Michael Mann Productions Universal Television

The Miami Vice theme — Miami Vice (1984)

Jan Hammer wrote a synthesizer score in a week and what came out was the complete sonic definition of a decade. Rolling Stone has been asking rhetorically for thirty years whether any single minute of television better captures the 1980s than the Miami Vice opening. The answer is no. The pastel, the stubble, the cars, the water — all of it arrived with that sound and all of it required that sound to mean what it meant. Not a theme song. A manifesto delivered through a synthesizer at 9 pm on a Friday.

Image credit: IMDb

The Cheers closing piano

Nobody talks about this one. The piano figure that played under the closing credits is the better piece of music, and it said something the opening was too cheerful to say. Minor key. Descending. Unresolved. People who are lonely coming to a bar every day because the alternative is being alone. That is the actual show. The closing piano knew it.
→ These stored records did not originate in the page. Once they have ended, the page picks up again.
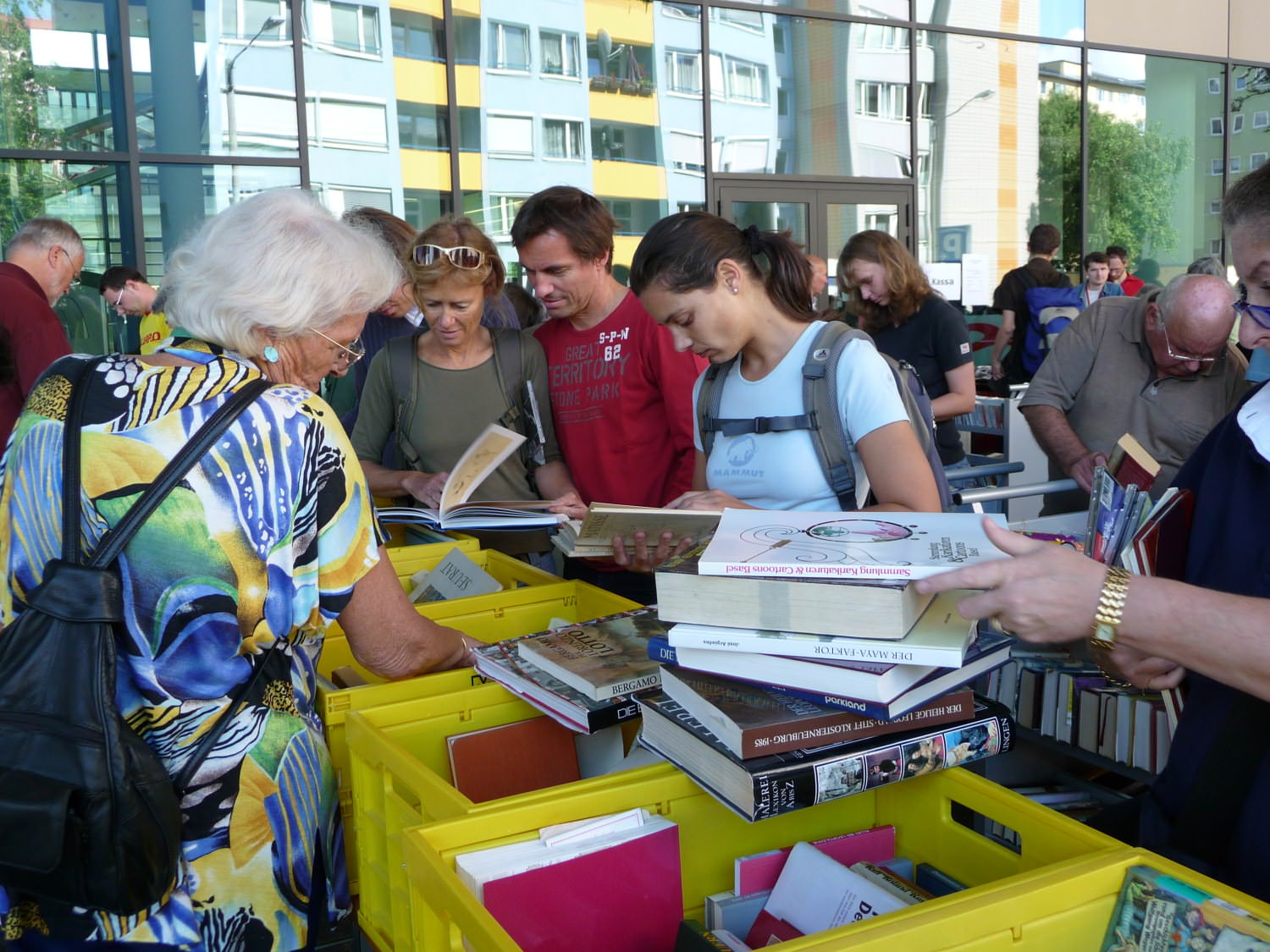 Bücherflohmarkt Bücherflohmarkt
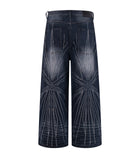 STAR RHINESTONE DENIM
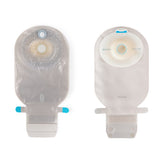 SenSura® Mio Convex Ostomy Pouch One-Piece System 11 Inch Length, Maxi Convex Light, Pre-Cut 1 Inch Stoma Drainable (1004613_BX) 10/BX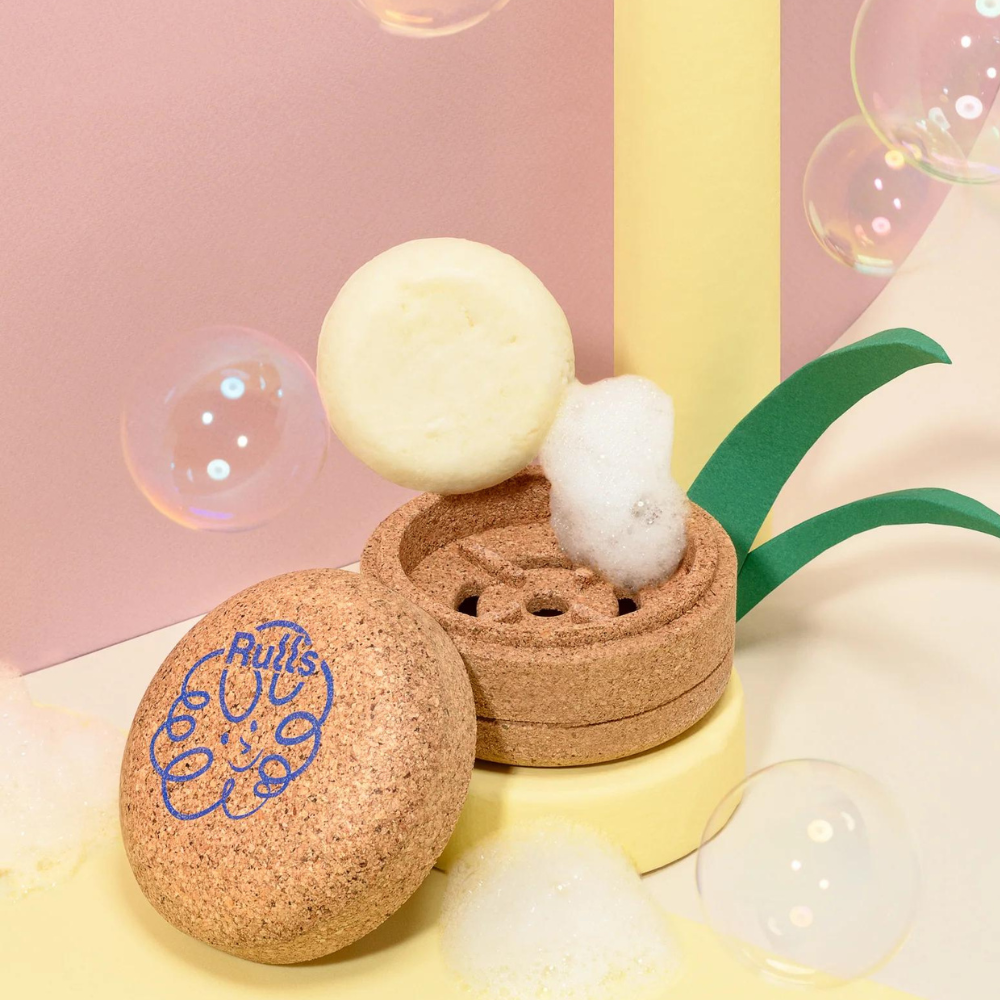 Rulls festes Shampoo-Set + Seifenschale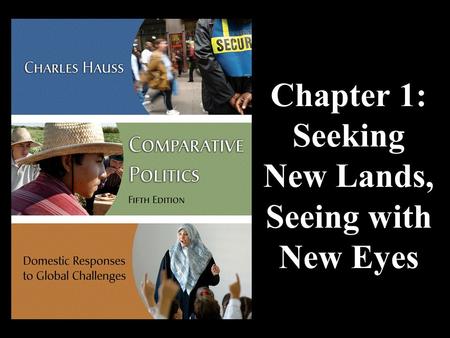 Chapter 1: Seeking New Lands, Seeing with New Eyes.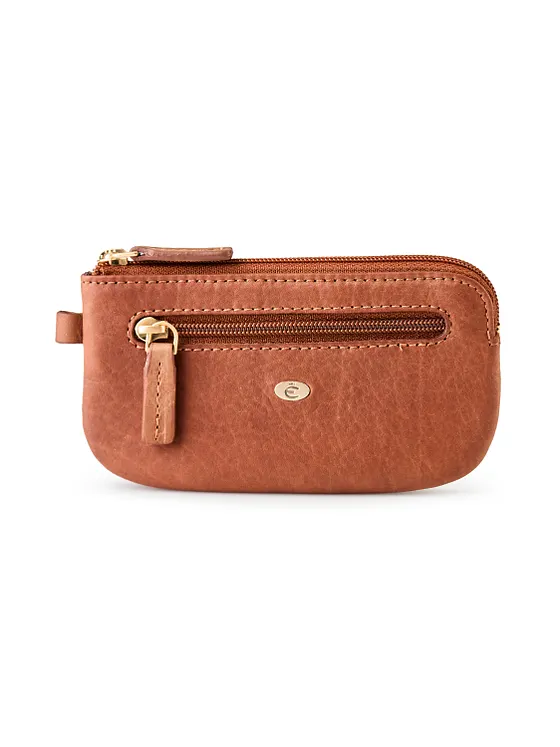 Esquire Chicago Estuche para llave Piel natural 12.5 cm Esquire Chicago Estuche para llave Piel natural 12.5 cm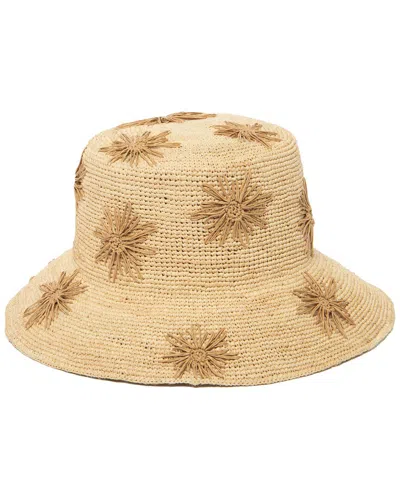 San Diego Hat Company Sol Bucket Hat In Brown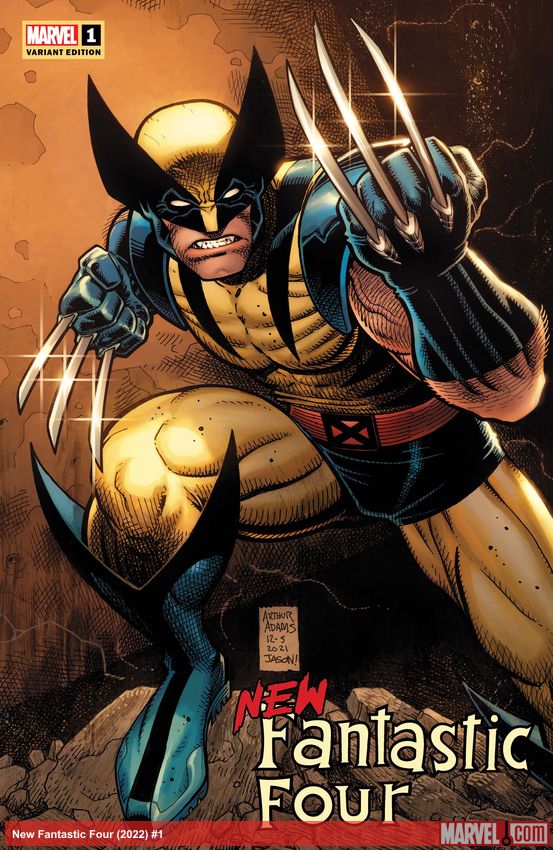 New Fantastic Four (2022) #1 (Variant)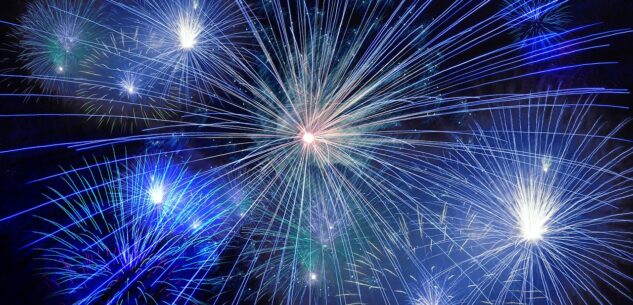 La Guida - Saluzzo, i fuochi artificiali chiudono la festa patronale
The opening theme politely looked away.

Pressmaster / iStockphoto

The bottom line

These songs were not written to be remembered. They were written to fill sixty seconds before the first joke. What happened instead is that they outlasted the jokes, outlasted the shows, outlasted in several cases the people who wrote them. A feeling, installed four hundred times, does not leave on request.